CppResnetBuildDemo

Windows ML walkthrough (C++)

This short tutorial walks through using Windows ML to run the ResNet-50 image classification model on Windows using C++, detailing model acquisition and preprocessing steps. The implementation involves dynamically selecting execution providers for optimized inference performance.

The ResNet-50 model is a PyTorch model intended for image classification.

In this tutorial, you'll acquire the ResNet-50 model and convert it to QDQ ONNX format by using the AI Toolkit.

Then you'll load the model, prepare input tensors, and run inference using the Windows ML APIs with C++, including post-processing steps to apply softmax, and retrieve the top predictions.

Acquiring the model, and preprocessing

You can acquire ResNet-50 and convert ResNet-50 to QDQ ONNX format by using the AI Toolkit (see convert models to ONNX format for more info).

The goal of this example code is to leverage the Windows ML runtime to do the heavy lifting.

The Windows ML runtime will:

• Load the model.
• Dynamically select the preferred IHV-provided execution provider (EP) for the model and download its EP from the Microsoft Store, on demand.
• Run inference on the model using the EP.

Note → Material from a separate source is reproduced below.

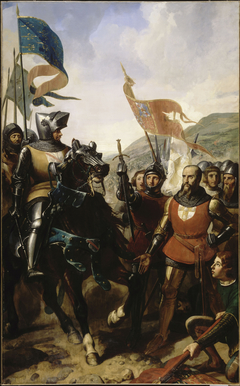 Bataille de Cocherel, 16 mai 1364 by Charles-Philippe Larivière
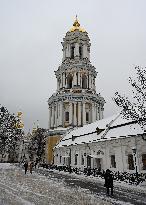 The Highest Historical Location Of Kyiv The Great Lavra Bell Tower Opens For Visitors In Kyiv.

For API reference, see OrtCompileApi struct, OrtSessionOptions, Microsoft::Windows::AI::MachineLearning::Infrastructure class, and Ort::GetApi.

#include <winml/onnxruntime_cxx_api.h>
#include <winrt/Microsoft.Windows.AI.MachineLearning.h>

// Create ONNX Runtime environment
auto env = Ort::Env();

// Use WinML to download and register Execution Providers
auto catalog = winrt::Microsoft::Windows::AI::MachineLearning::ExecutionProviderCatalog::GetDefault();
auto providers = catalog.FindAllProviders();
for (const auto& provider : providers)
{
    provider.EnsureReadyAsync().get();
    provider.TryRegister();
}

// Set the auto EP selection policy
Ort::SessionOptions sessionOptions;
sessionOptions.SetEpSelectionPolicy(OrtExecutionProviderDevicePolicy_MIN_OVERALL_POWER);

EP compilation

If your model isn't already compiled for the EP (which may vary depending on device), the model might need to be compiled against that EP. This is a one-time process. The example code below handles it by compiling the model on the first run, and then storing it locally. Subsequent runs of the code pick up the compiled version, and run that; resulting in optimized fast inferences.

For API reference, see Ort::ModelCompilationOptions struct, Ort::Status struct, and Ort::CompileModel.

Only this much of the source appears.